EXERCISE DIRECTIONS
Would you transcribe the records below from the line with "4 bedroom detached" to the line with "O MC paulistano", ends included, exactly and with nothing more, leaving the pictures out?

DATA TO EXAMINE
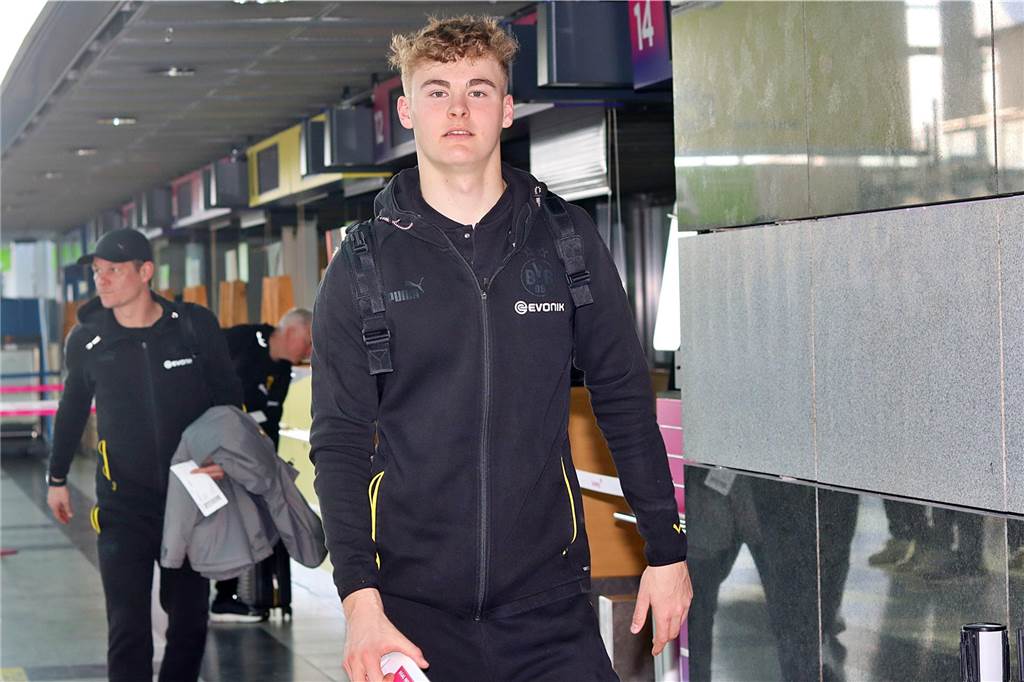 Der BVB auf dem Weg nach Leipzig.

---

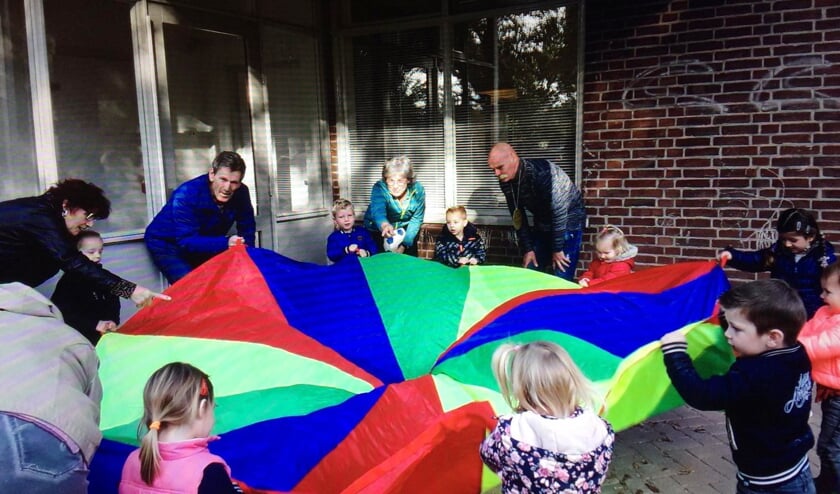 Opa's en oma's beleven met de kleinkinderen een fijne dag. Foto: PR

...

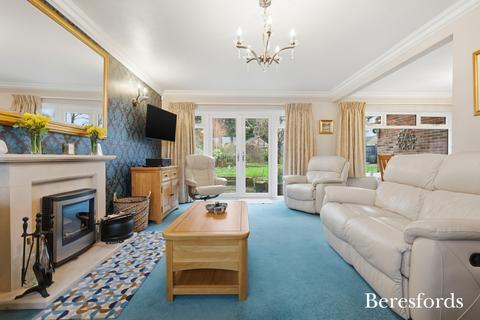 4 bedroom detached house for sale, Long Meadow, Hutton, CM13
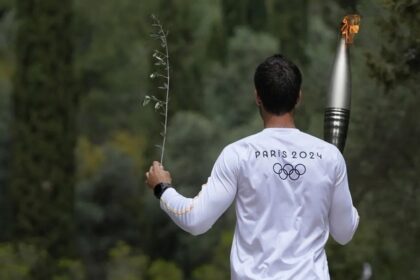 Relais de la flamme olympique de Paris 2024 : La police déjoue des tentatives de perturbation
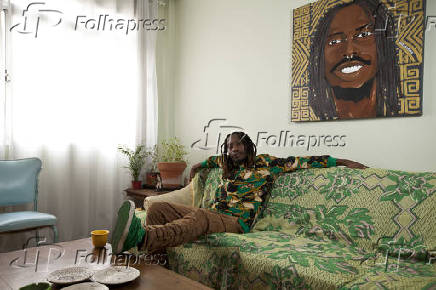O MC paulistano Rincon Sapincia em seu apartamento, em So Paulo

RESULT OF THE EXERCISE
 4 bedroom detached house for sale, Long Meadow, Hutton, CM13
 Relais de la flamme olympique de Paris 2024 : La police déjoue des tentatives de perturbation
O MC paulistano Rincon Sapincia em seu apartamento, em So Paulo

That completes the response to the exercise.